On the night of 14 April Sydney Jacobsohn, disturbed by the collision of the Titanic with an iceberg, went out of the cabin to see what was going on. He learnt that lifeboats were being lowered, returned to the cabins to tell his relatives to don warm clothes, and they all went on deck. As women and children were given priority, Alice Christy and her two daughters boarded a lifeboat, leaving Sydney on deck. They were rescued from the sea by the liner Carpathia, from which they sent the telegram:

55 No 13/13, 18 Apr., pretix S, words 16, charges 1.14.0 1/2; sent to MSC by H.C. 6.5 a.m.
Jacobsohn 34 Anson Road Cricklewood London
Dont be alarmed Sydney may be on another boat
Jacobsohn

But he was not on another boat.
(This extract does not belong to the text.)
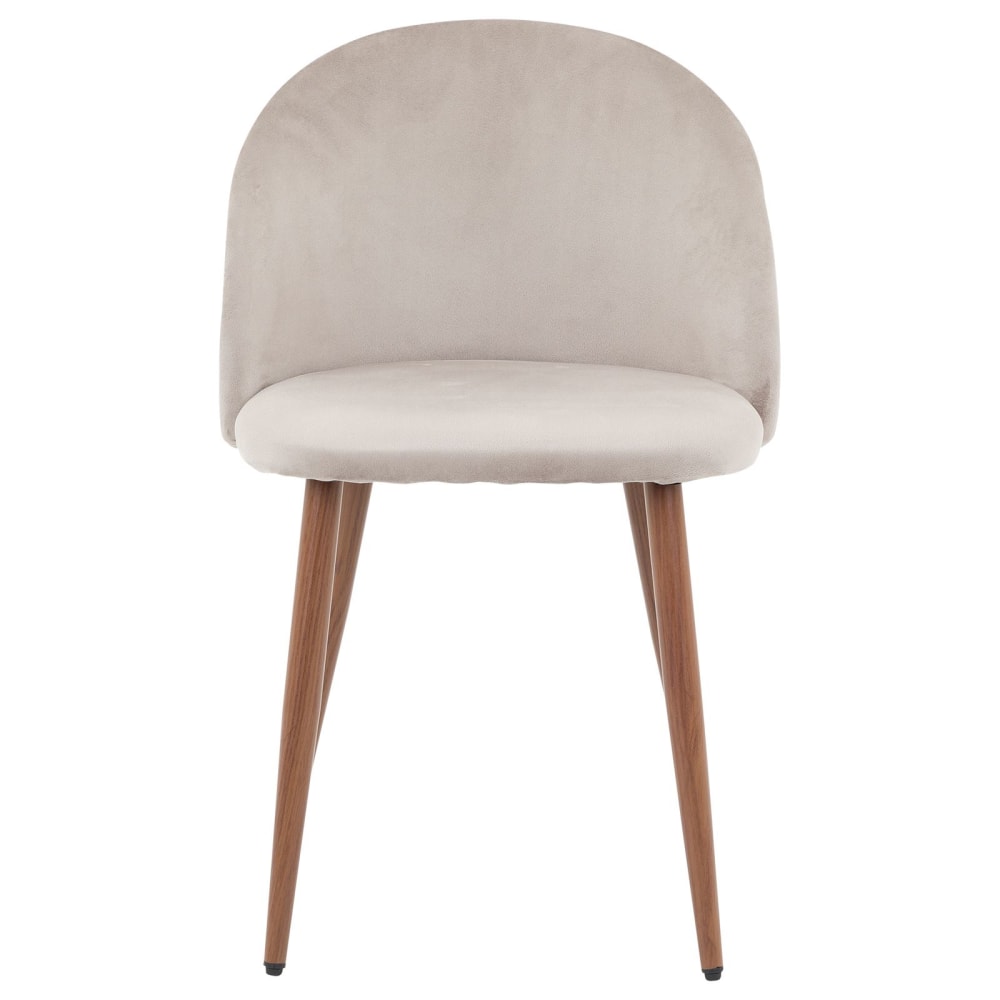 chaise de salle à manger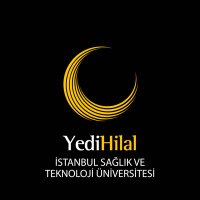 yedihilal istün(@yedihilal_istun) 's Twitter Profile Photo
Amy had to face yet another tragedy – the drowning of her husband whose body was never found. On returning to London on the Megantic on 11 May Amy had to go to court to claim her husband’s estate, because his will had been lost on the Titanic. She also claimed against the owners of the Titanic for $5709.60 for the loss of property of herself and her husband.

At some stage (probably 1919/20) Amy married again. Her new husband was William Fenwick, a twenty-eight-year-old army officer, probably hailing from the Durham area, an ambitious young man who had applied to join the administrative civil service in Kenya. He was accepted and sailed round the Cape to Kenya in 1920, assuming his first post in Machakos. Amy, always known as Bunty in Kenya, had a few settled years, enjoying the birth of Douglas and Amy Ann. Her husband moved from one administrative posting to another, usually every two years. In 1925 they were at Lumbwa and in 1930 Sotik.

William Fenwick

Unfortunately the marriage broke down in 1939 and Amy returned to England, living in Bournemouth close to her mother. But her health was poor and after the war she returned to Kenya and entered the Maia Carberry Nursing Home. There she died on 9 July 1947. She was buried in City Park cemetery in Nairobi.